Off payroll working in the private sector: HMRC consultation

HMRC has launched a technical consultation on extending the off-payroll working rules to the private sector from April 2020, to which the ATT and CIOT will be responding. The consultation asks for views on the exemption for small entities, information requirements and status determination disagreements.

HMRC has launched a technical consultation on extending the off-payroll working rules to the private sector from April 2020.

The consultation confirms the Government’s intention to extend the off-payroll rules (which currently apply to public sector bodies) to the private sector from April 2020. The intention is to use the current public sector rules as a starting point, but with some proposed changes, which will also then apply to the public sector. It is proposed that the rules would not apply to small businesses in the private sector that engage with off-payroll workers, although they will continue to apply to public bodies that are ‘small’.

The consultation asks for views and information on several subjects, including:

  • the scope of the reform and impact on non-corporate engagers;
  • information requirements for engagers, fee-payers and personal service companies; and
  • addressing status determination disagreements.

The consultation also sets out how businesses can prepare for these changes, and HMRC’s plans to provide education and support for businesses that will be in scope.

Small entities exception

At Budget 2018, the government announced that the smallest organisations will not be affected by the extension of the rules to the private sector.
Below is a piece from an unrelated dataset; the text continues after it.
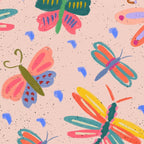Happy and Colorful Butterflies Illustration Coffee Mug Gallery Image 2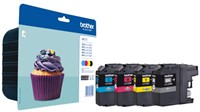 Brother LC-123VALBP cartridge multipack + zwart-2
These entities will not need to determine the status of the off-payroll workers they engage, although the workers will still need to assess whether they are within IR35.

The consultation proposes using the existing statutory definition within the Companies Act to determine whether a corporate client is small, that is the qualifying as ‘small’ conditions will be met by a company if it satisfies two or more of the following requirements:

  1. Annual Turnover – Not more than £10.2 million
  2. Balance sheet total – Not more than £5.1 million
  3. Number of employees – Not more than 50

For non-corporate entities the consultation proposes applying the new rules where the entity has either 50 or more employees or turnover exceeding £10.2 million, or both these characteristics. HMRC has clarified that ‘employees’ will follow the Companies’ Act definition, which is average number of employees, but regardless of whether full or part-time and excluding ‘IR35’ cases. This may therefore penalise those engaging more employees on a part-time basis. 

It is also proposed that for the purposes of the off-payroll working rules when an organisation ceases to be small in an accounting period (or becomes small) the requirement to operate the off-payroll rules (or cease to operate them) will apply from start of the tax year following the end of that accounting period. This fluctuation in and out of the new rules may be confusing. Also, for entities with an accounting period ended on, say, 31 March there leaves very little time to decide whether they are now within the off-payroll rules and, if so, assess and notify the status of relevant engagements.

Information requirements

The consultation proposes that an engager must provide direct to a worker a determination of the worker’s status (and, if requested, the reasons for reaching that conclusion). The engager will also have to provide that determination to the party they contract with (for example, an agency). The status determination (and reasons) will then have to be passed down the supply chain so that fee-payers who are further down the labour supply chain have the information they need to comply with the rules. It is not, however, clear whether small entities will have to notify the worker or the party they contract with that they are ‘small’.

It is also proposed to modify the rules that determine when the liability for income tax and NICs should be transferred up the supply chain from the fee-payer to the agency or engager in cases of non-compliance. Where HMRC are unable to collect a liability from a defaulting party the government proposes that the liability should transfer back to the first party or agency in the chain. Where HMRC cannot collect from that party it would seek payment from the engager. As proposed the liability could fall back on the engager even if they have taken reasonable care to ensure that all parties comply with the rules.

Status determinations

The consultation proposes an engager-led status disagreement process starting with the requirement for the engager to provide their determination to the worker – with reasons – which the worker would be able to appeal, and which would require the engager to revisit their determination and relay their conclusion back to the worker. HMRC would not be involved in this process. HMRC’s view is that either workers wouldn’t take a role if they disagreed with the engagers’ determination or they would appeal at the year end to HMRC.

The consultation period closes on 28 May 2019 and both ATT and CIOT will be responding. Input from members in response to the questions posed in the consultation, or other aspects of the off-payroll rules that require clarification, is very welcome.